| PROBLEM |
Only the lines below from the one that contains "ВСЕГДА ЛУЧШИЙ УРОК ДЛЯ ВАС!" through the one that contains "Молодые петушки" should appear in your answer, exact and without pictures.

[[ EXTRACTED ENTRIES open ]]

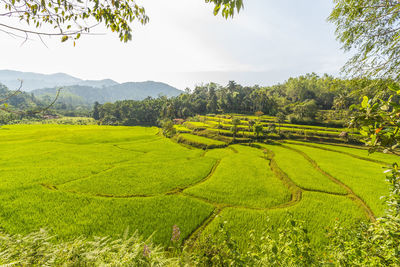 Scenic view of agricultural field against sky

[[ EXTRACTED ENTRIES closed ]]
[[ EXTRACTED ENTRIES open ]]

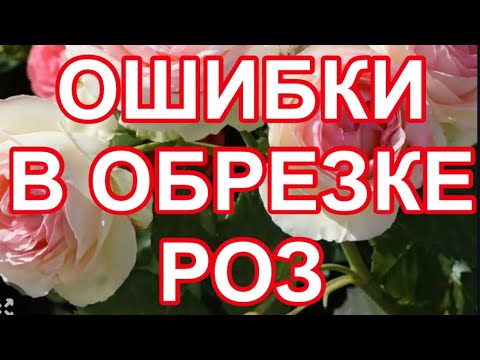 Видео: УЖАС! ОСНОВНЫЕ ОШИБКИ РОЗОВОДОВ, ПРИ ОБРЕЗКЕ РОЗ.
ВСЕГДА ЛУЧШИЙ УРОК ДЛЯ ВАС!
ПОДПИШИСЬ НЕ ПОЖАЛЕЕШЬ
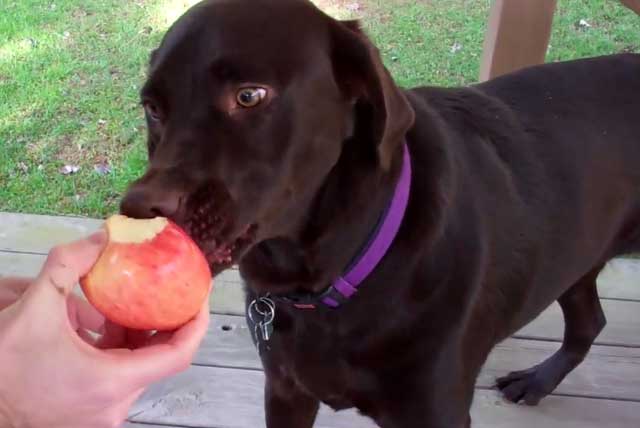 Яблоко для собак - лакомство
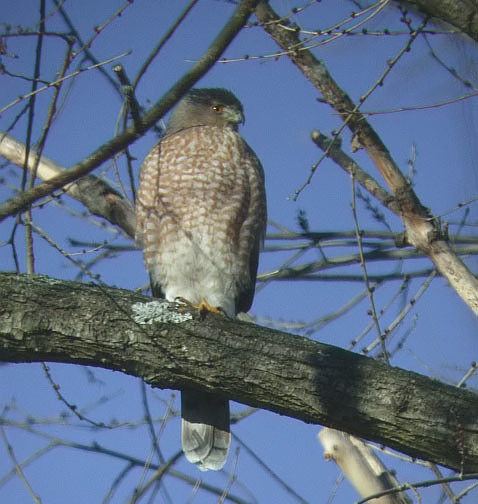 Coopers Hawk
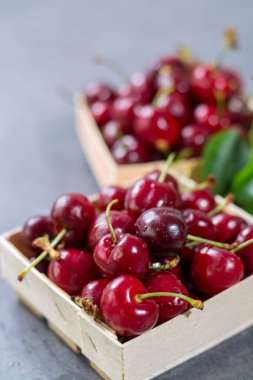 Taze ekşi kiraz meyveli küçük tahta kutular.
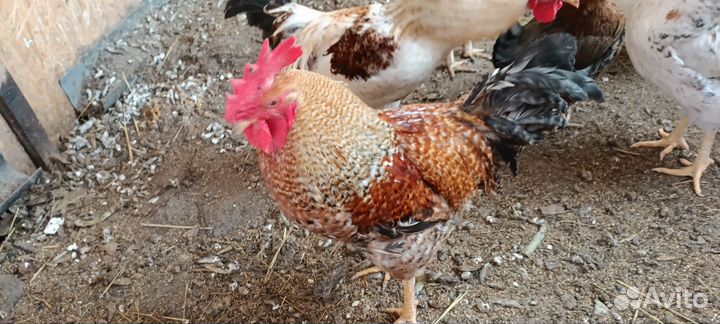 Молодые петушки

[[ EXTRACTED ENTRIES closed ]]
[[ EXTRACTED ENTRIES open ]]

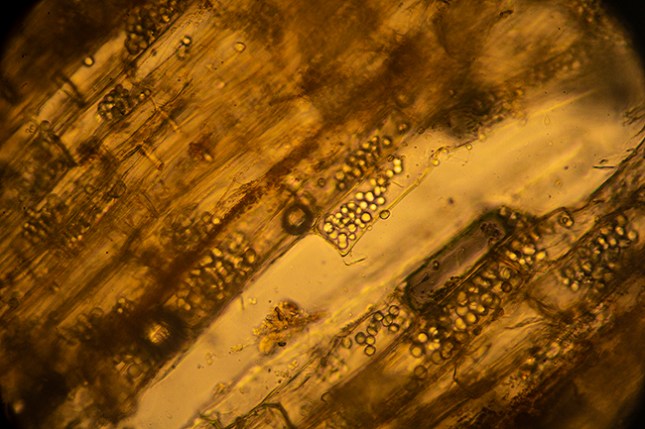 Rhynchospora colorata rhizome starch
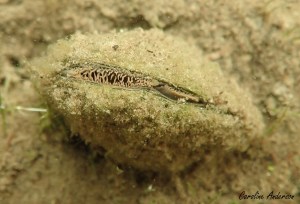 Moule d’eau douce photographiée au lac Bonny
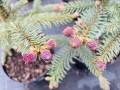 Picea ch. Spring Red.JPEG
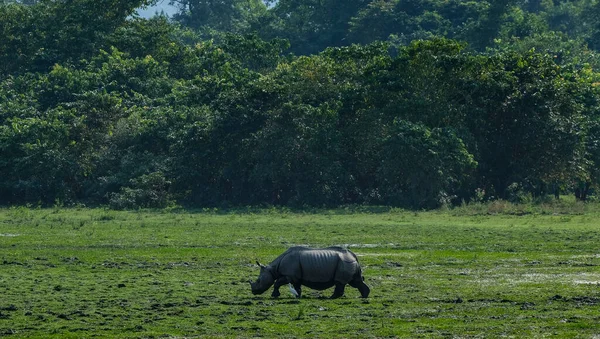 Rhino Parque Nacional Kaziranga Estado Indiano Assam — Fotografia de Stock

[[ EXTRACTED ENTRIES closed ]]

| ANSWER TO THIS PROBLEM |
ВСЕГДА ЛУЧШИЙ УРОК ДЛЯ ВАС!
ПОДПИШИСЬ НЕ ПОЖАЛЕЕШЬ
 Яблоко для собак - лакомство
 Coopers Hawk
 Taze ekşi kiraz meyveli küçük tahta kutular.
 Молодые петушки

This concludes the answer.